[EXERCISE DIRECTIONS] Since the listing below shows pictures, leave them out and write out exactly the lines from the line with "1360 Dixie Downs Rd - Photo 1" to the line with "(undisclosed Address), Redlands, CA 92373", both included, and no others.

[SUPPLIED INFORMATION]
::::::
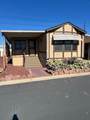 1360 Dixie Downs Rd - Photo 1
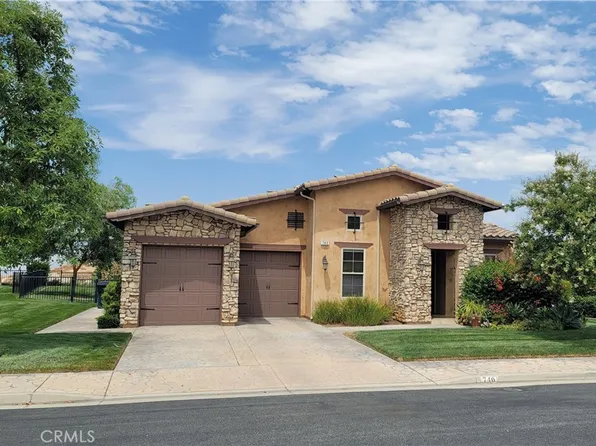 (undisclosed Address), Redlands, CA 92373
::::::
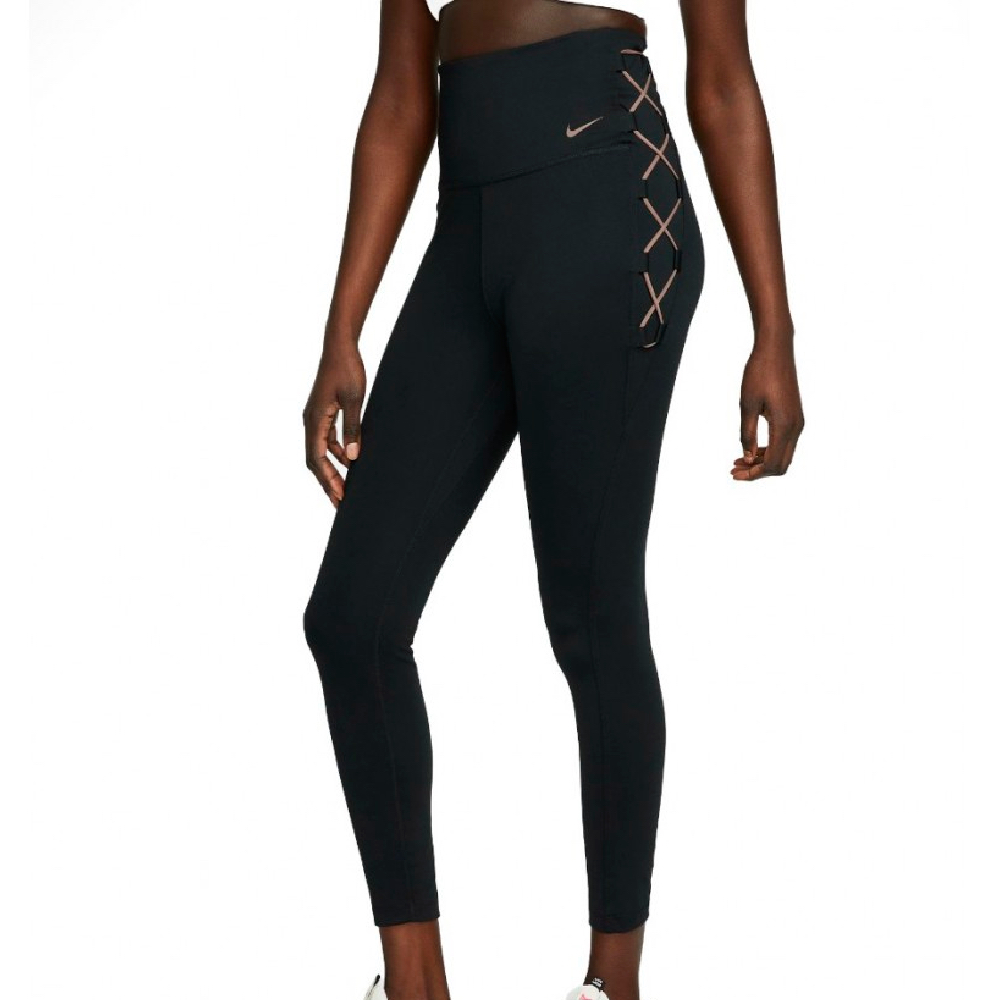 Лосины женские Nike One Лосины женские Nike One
::::::
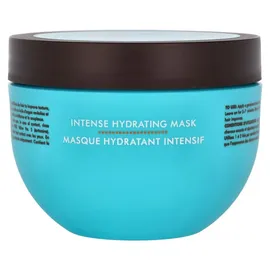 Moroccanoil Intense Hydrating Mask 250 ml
::::::
[WRITTEN ANSWER]
 1360 Dixie Downs Rd - Photo 1
 (undisclosed Address), Redlands, CA 92373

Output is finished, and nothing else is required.